Exercise inputs =

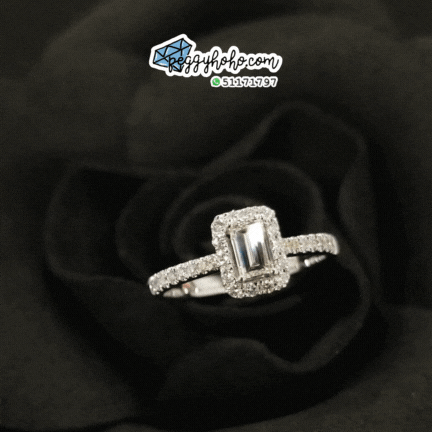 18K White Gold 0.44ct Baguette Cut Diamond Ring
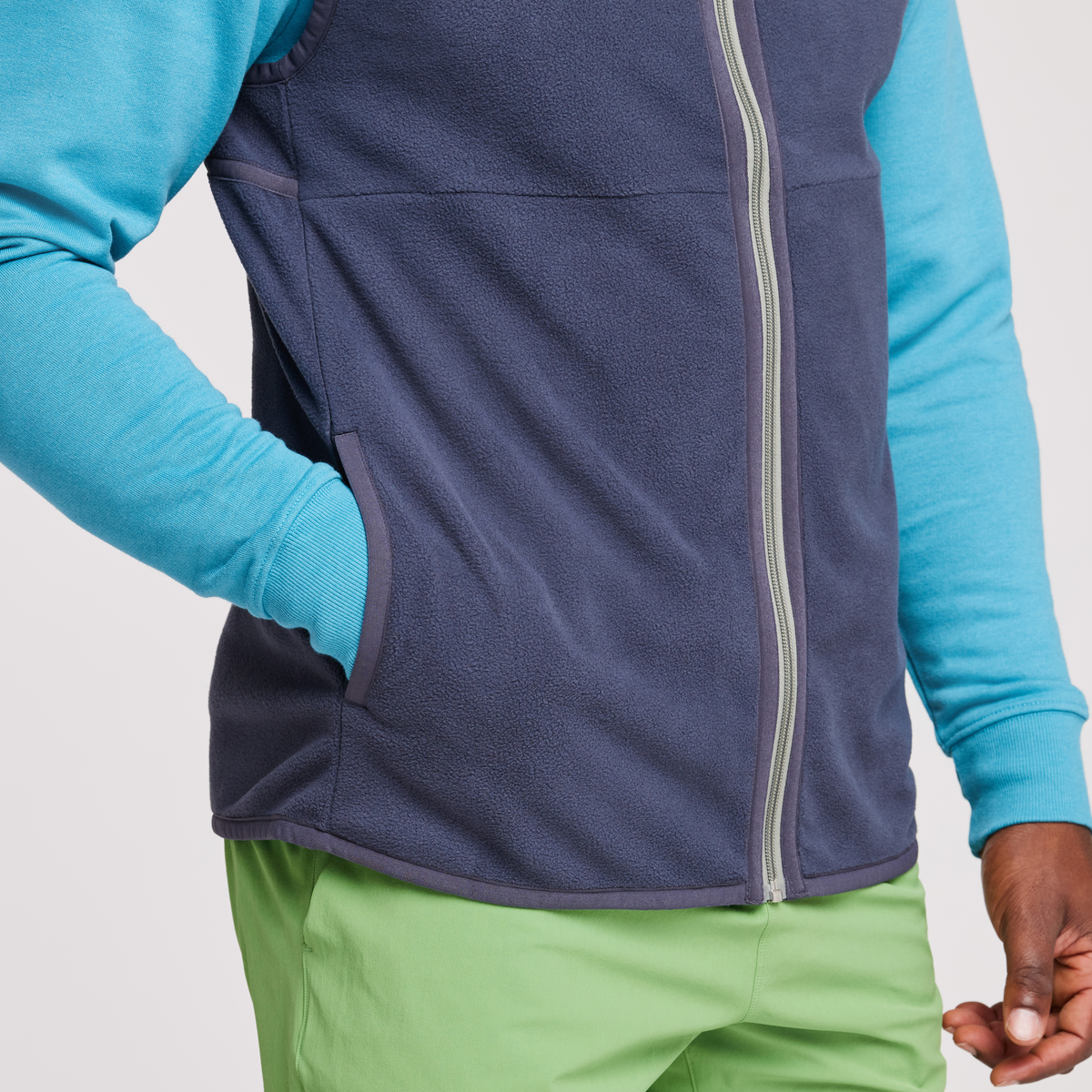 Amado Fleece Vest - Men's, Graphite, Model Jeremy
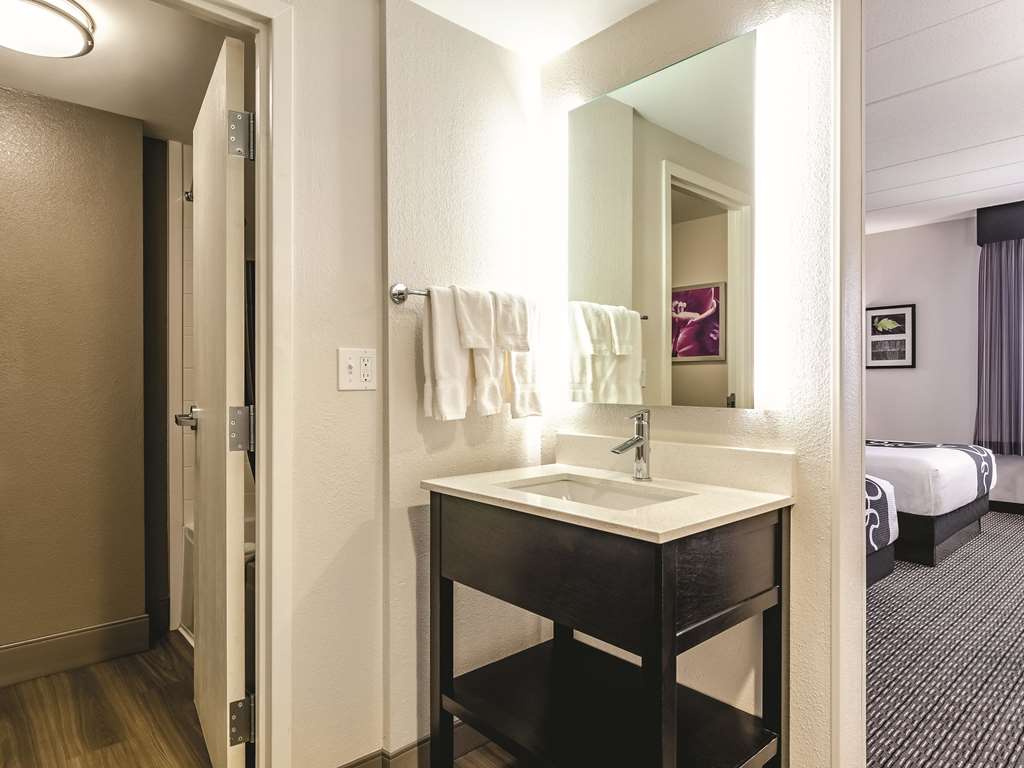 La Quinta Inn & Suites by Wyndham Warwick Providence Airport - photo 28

* * *

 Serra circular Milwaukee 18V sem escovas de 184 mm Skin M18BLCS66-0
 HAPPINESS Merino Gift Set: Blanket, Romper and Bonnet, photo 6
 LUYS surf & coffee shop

---

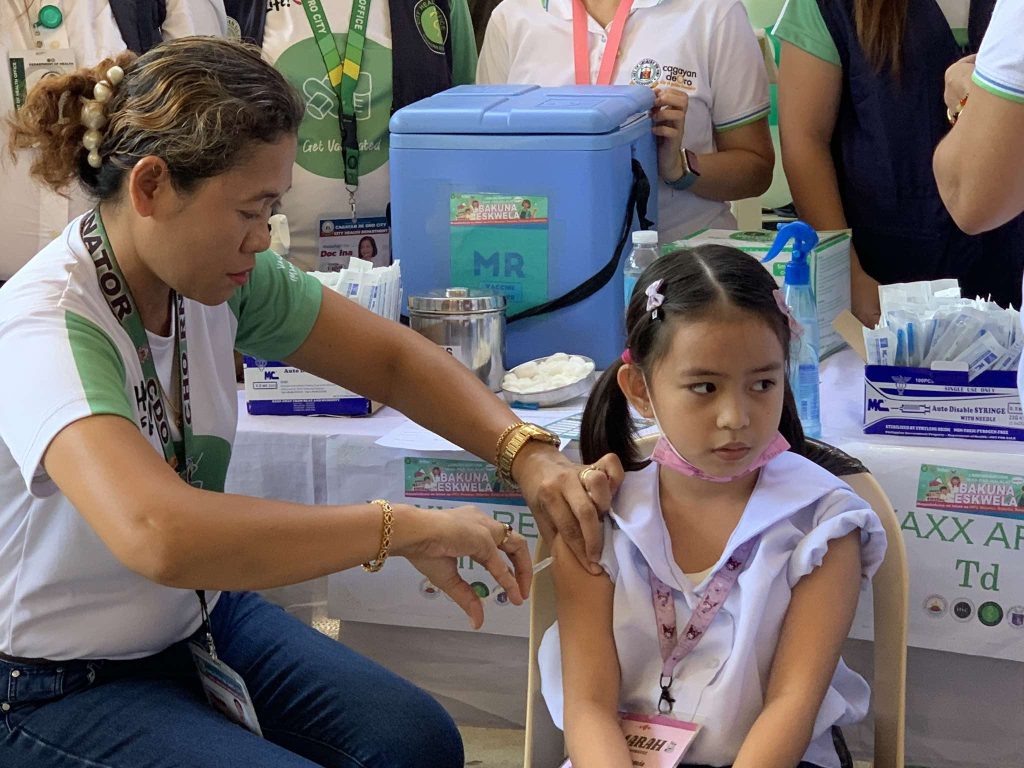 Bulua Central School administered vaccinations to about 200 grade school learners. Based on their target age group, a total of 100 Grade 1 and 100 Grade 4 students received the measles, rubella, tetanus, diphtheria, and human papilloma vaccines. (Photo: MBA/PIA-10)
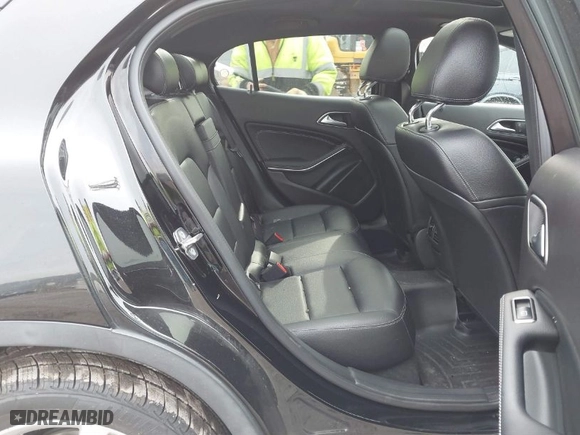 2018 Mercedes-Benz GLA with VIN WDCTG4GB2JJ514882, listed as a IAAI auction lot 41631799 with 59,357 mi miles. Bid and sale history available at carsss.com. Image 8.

Assignment =
Print exactly the lines above that run from the one with "18K White Gold" down to the one with "La Quinta Inn", and omit the pictures.

Exercise solution =
 18K White Gold 0.44ct Baguette Cut Diamond Ring
 Amado Fleece Vest - Men's, Graphite, Model Jeremy
 La Quinta Inn & Suites by Wyndham Warwick Providence Airport - photo 28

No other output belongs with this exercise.